Porsche might have been the favorite having captured the maker’s championship (Porsche Clinches WEC Manufacturer’s Title at Shanghai) two weeks ago in Shanghai, but Audi put in a strong Bahrain qualifying session, while Toyota once again flubbed it.
The #8 Audi R18 took the first spot on the grid in the FIA World Endurance Championship (WEC) finale, despite an engine change directly before qualifying. Having set the six best times in nine qualifying sessions this year, Audi has dominated qualifying during the 2016 season, the last one it will run in WEC. During the 2015 season, no other car managed to start from the front row of the grid than the Porsche 919.(Audi Dumps World Endurance Cup Racing and Le Mans after 18 Years of Success for Boring Formula E?)

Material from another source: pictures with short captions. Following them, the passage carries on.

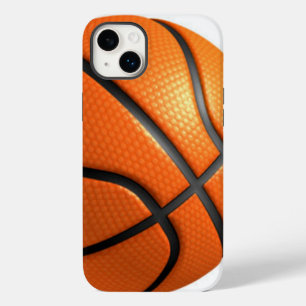 Basketball Case-Mate iPhone 14 Plus Hoesje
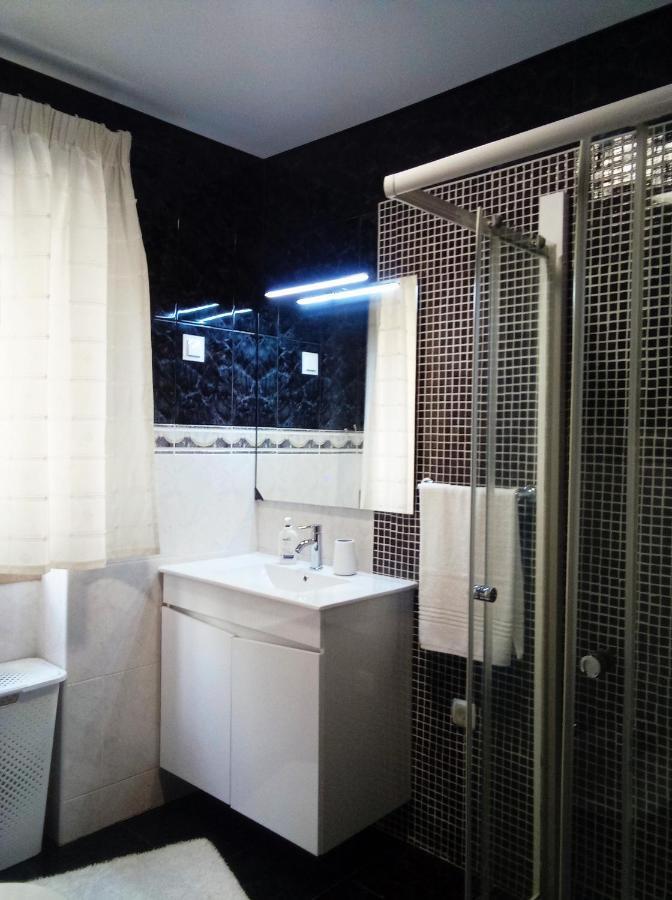 Chalas Place Ναζαρέ Εξωτερικό φωτογραφία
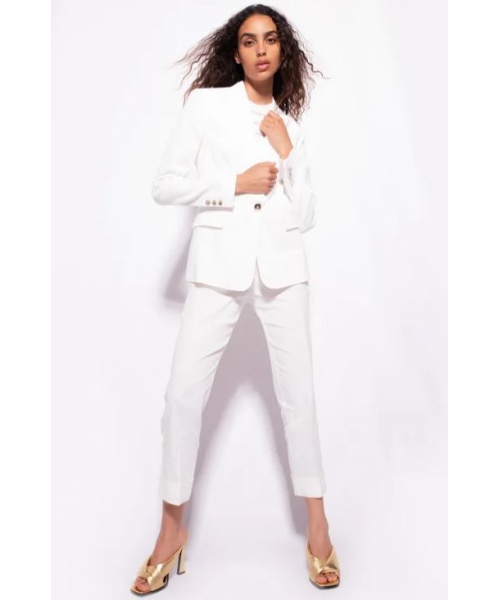 100437a0lt-z15-pinko--4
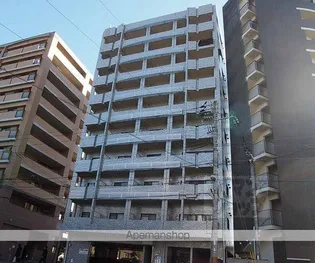 河原町ビルの画像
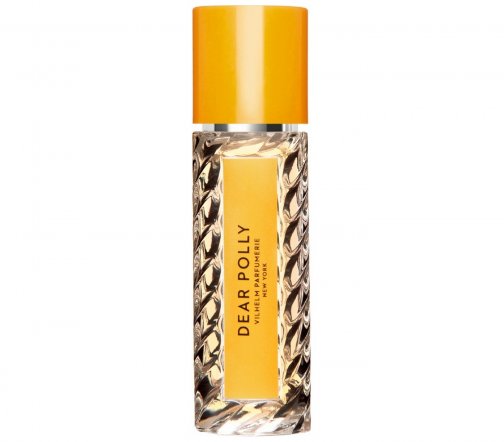 Vilhelm Parfumerie Dear Polly Парфюмерная вода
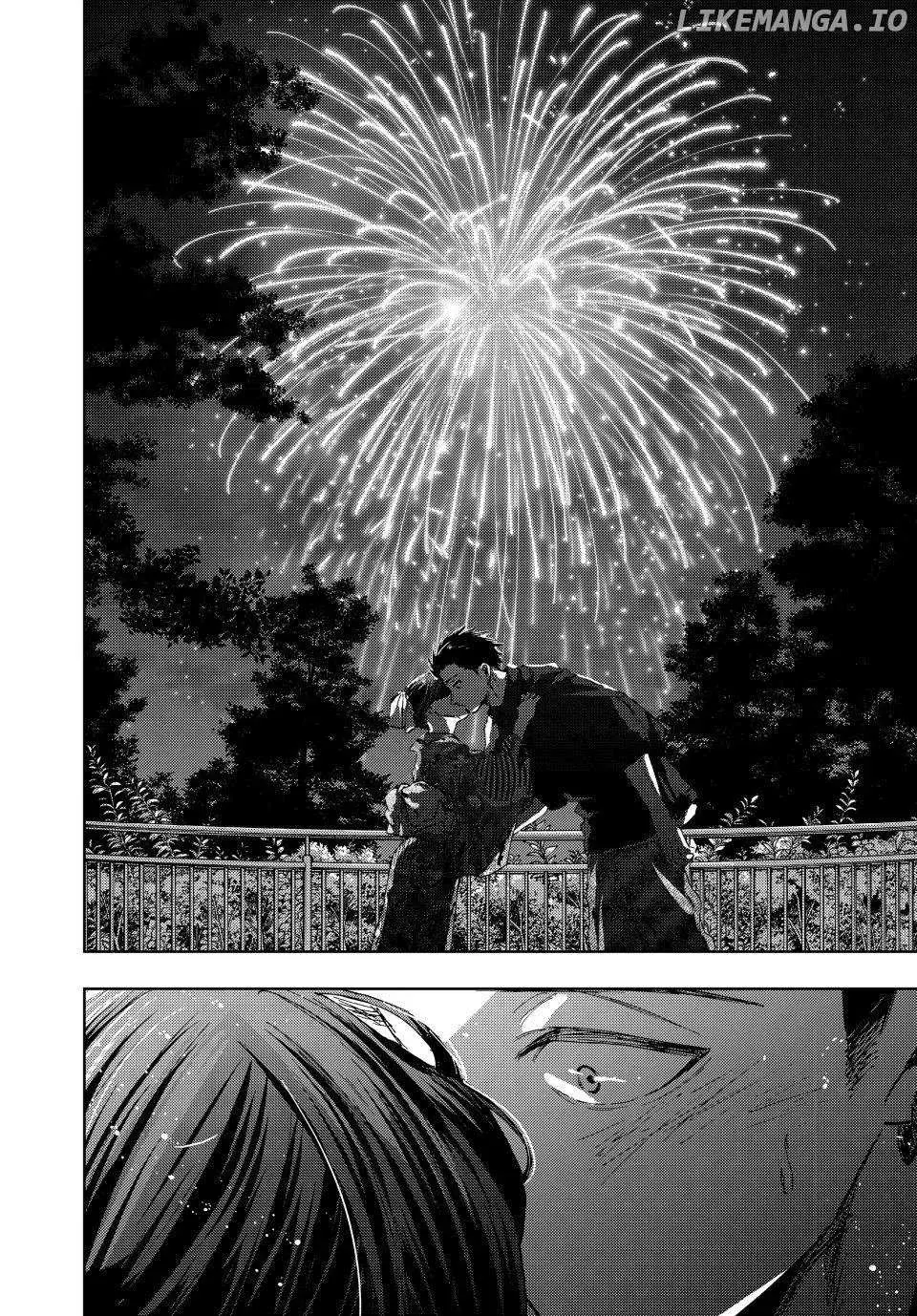 The Fragrant Flower Blooms with Dignity - Chapter 158 - Page 12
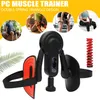 Oberschenkeltrainer, Beintrainer für Zuhause, Produktbild-Vorschau 6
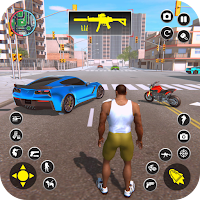 Police Vehicle Transport Game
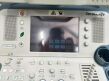 TOSHIBA Xario XG Ultrasound unit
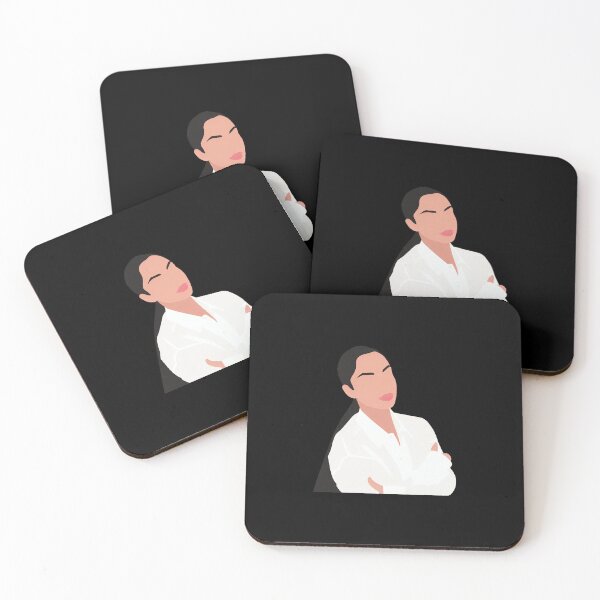 Item preview, Sade Lineless Illustration designed and sold by dsxclothing.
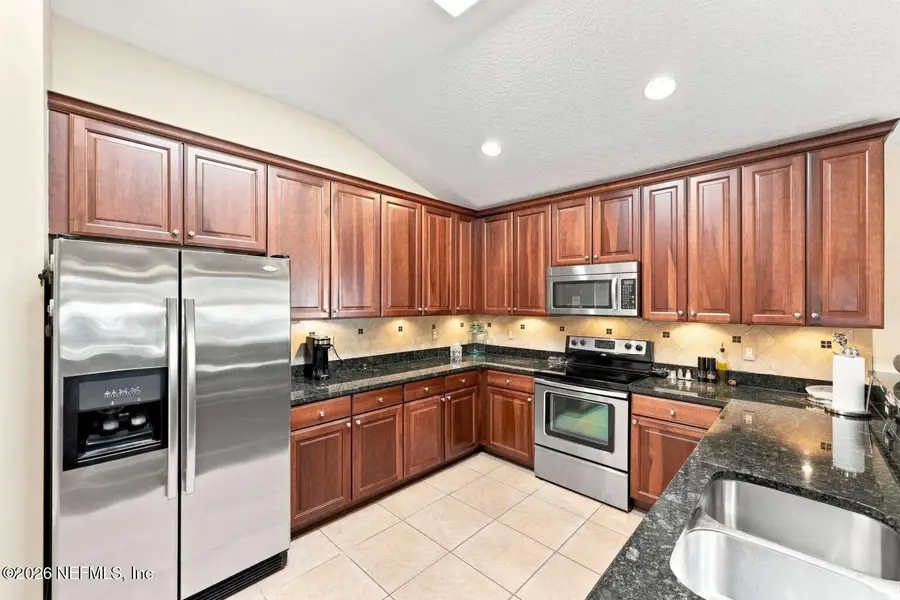 363 Porta Rosa Circle, Saint Augustine, FL 32092 - #3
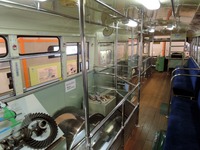 DSCN6475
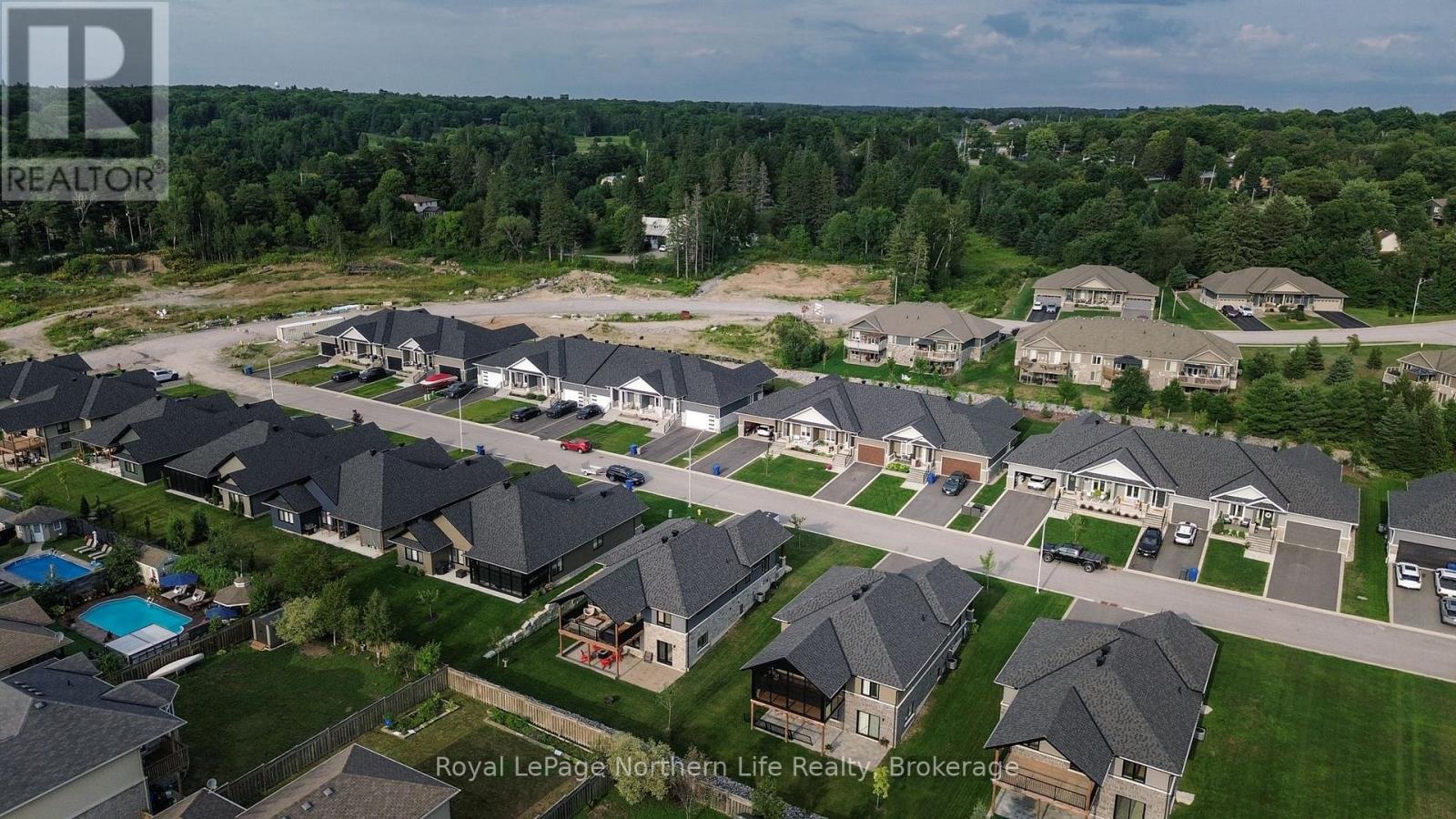 16 Silver Maple Lane, North Bay, Ontario  P1C 0B5 - Photo 47 - X13644458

However, qualifying on the pole for a six hour race hardly predicts the outcome in any kind of endurance racing Audi driver Lucas di Grassi, set a lap time of 1m 38.828s, a new record – clocked at 0.842 seconds faster than Timo Bernhard (Porsche) running last year, and 0.511 faster than his quickest rival this weekend – who, again, was Timo Bernhard.
“I’m absolutely happy. This track record in qualifying is amazing,” said di Grassi. “My teammate Oliver Jarvis (GB) delivered the basis for our result by the good time he set.” For the Briton, this means that for the first time in his sports car career, Jarvis clinched a pole position with Audi.
The Porsche Team with its two formidable 919 Hybrids was strong, but not strong enough. Last year’s world champions, Timo Bernhard (DE), Brendon Hartley (NZ) and Mark Webber (AU), will start from second on the grid for the final and ninth round of the FIA World Endurance Championship (WEC). In the WEC the average of the two fastest laps of two drivers counts for the qualifying result.
A set of Michelin slick tires should ideally last two fuel tank fills, say ~72 laps. Refueling and changing tires may only be done sequentially, not at the same time. Only four mechanics may work simultaneously when changing tires, and they can use only one wheel gun at a time. That takes a lot longer than other racing series.
Three different compounds of slick tires are available for dry conditions, a hybrid tire (no profile either but softer cover) for mixed conditions and wet weather tires – 6.5 sets of dry weather tires are available per car for qualifying and the race. However, to set the best lap times, teams can and do change tires more often depending on how the race is going.
Drivers’ Title Still Open
The Porsche sister car, with a chance to take the 2016 drivers’ title, Romain Dumas (FR), Neel Jani (CH) and Marc Lieb (DE), will start third on the grid for the six-hour race on Saturday. For Dumas/Jani/Lieb the six-hour race is solely focused on the drivers’ world championship. They have an advantage of 17 points ahead of the best placed Toyota. Finishing fifth in the race would be enough for them to win the title, even if the #6 Toyota won.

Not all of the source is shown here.